Every now and then something happens in the world of sport that makes you question your commitment. I have friends, you see, who cannot understand the appeal of working in sport.
They read stories like the recent one about David Beckham being unable to do his six-year-old’s maths homework and, without putting it quite like this, they think: “Lewis is bright enough to do up his own shoelaces without falling over – why doesn’t he get a real job? Why does he like writing about illiterate grunters?’’ I assure you that these friends do have redeeming qualities. Somewhere.
But, every now and then, sport throws up something so implausibly stupid that you do start to question your place in the (left) field. Like Geoff Huish, the 26-year-old Welshman who was so convinced that England would beat Wales in 2005 Six Nations rugby that he said he would cut his testicles off if Wales won. They did and he did.
This week, it has been the turn of breast-pumping netballer Janine Ilitch. Actually, my beef is not with Ilitch, who seems a pretty sensible woman, but with Norma Plummer, the hard-nosed Australian netball coach. She got all bent out of shape because Ilitch said she would be expressing milk with a breast pump so that she could continue to feed her six-month-old son during the Commonwealth Games in Melbourne.
Plummer said she had been under the impression that Ilitch would stop breast-feeding before the Games. “I can’t promise her anything, because we haven’t seen the layout [of rooms in the athletes’ village] or what’s available,’’ said Plummer. “We don’t have our own bedrooms and facilities. It’s not that easy. There are also other people to consider. There’s not a lot of room and the players might need their rest and she is in there expressing.’’
Norma, daaarling. The pressure’s already on, isn’t it? The Silver Ferns are favourites to win the gold medal and end the Australian supremacy at netball in Commonwealth Games (they won in ’98 and ’02).
Point one: breast-feeding and mother’s milk is proven to be better for babies. Point two: how hard can it be to find somewhere private to do a bit of breast-pumping? I mean, they’ll give the poor girls loos with doors, won’t they? Point three: will the Aussie netballers run screaming into the night at the horrific sight of a breast and a pump?
Netballers are made of sterner stuff. I’m just thinking how to put this politely, but netballers are kind of like rugby players. There’s a bit of unfettered, boisterous joy in netballers. When they party, they party hard.
A netball celebration is not a place for the faint-hearted. I can remember a rugby team-mate’s birthday party which got a bit, well, unrestrained and the netball girls from the club did an impromptu can-can. They were all still wearing netball gear but none of them appeared to have remembered undergarments.
Wives and girlfriends came from everywhere to block our view of this remarkable spectacle, but it was too late. We’d already been outraged.
But enough of lack of knickers and back to Norma – and that’s not as big a jump as you might imagine.

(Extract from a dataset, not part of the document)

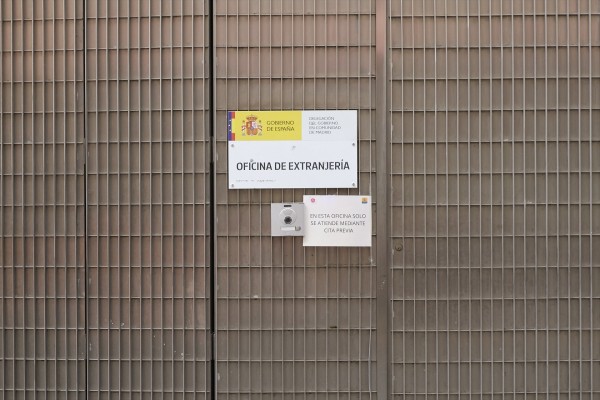 Sindicatos convocan movilizaciones esta semana en toda España ante la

Norma has a face like she’s sucked on something too hard, usually when she is talking to the New Zealand media after an Australian loss.
She went on to make matters worse by expressing (no pun intended) concern that Ilitch would continue to lose weight if she continues to breast-feed and that her loss of weight could impact on the team.
Not half as much as their coach losing weight in the head, eh Norma? I mean, if she’s worried about Ilitch’s weight, she can surely pack a few doughnuts into her or give her the good old mashed-potatoes-and-beer diet.
What’s the fuss all about? Let the poor girl give milk to her baby. No, Norma, I’m afraid you are right up there with John Hopoate and his famous finger which went where no rugby league tackle should ever go. You’re even now on a par with Huish, who (as was breathlessly reported by the Sun) apparently had no history of mental problems. That’s right, pal, you’re as sane as the rest of us. Huish took 10 minutes to hack off his dangly bits with a pair of blunt wire cutters. He then put them into a blue plastic bag before going back to the pub to tell fellow Wales fans. He collapsed – bit of a surprise, that – and horrified drinkers put his severed parts into a pint glass filled with ice. Now there’s a pub you’d not be going back to in case you got that glass, right?
“It wasn’t a bet, but I said I’d cut my balls off if we won,’’ said the not-mentally-ill Huish. “After the match I got up for a pee and saw the cutters in the bathroom. Gethin [a mate] had left them after repairing the chain on the toilet. I remembered what I’d said to him and thought he’d left them there for me.
“So I started hacking away at my tackle. It took about 10 minutes and there was a lot of pain – but I just kept going.’’
Geoff – meet Norma. Norma – meet Geoff. And put down that breast pump. You’ll just do yourself a mischief. Or impact on the team.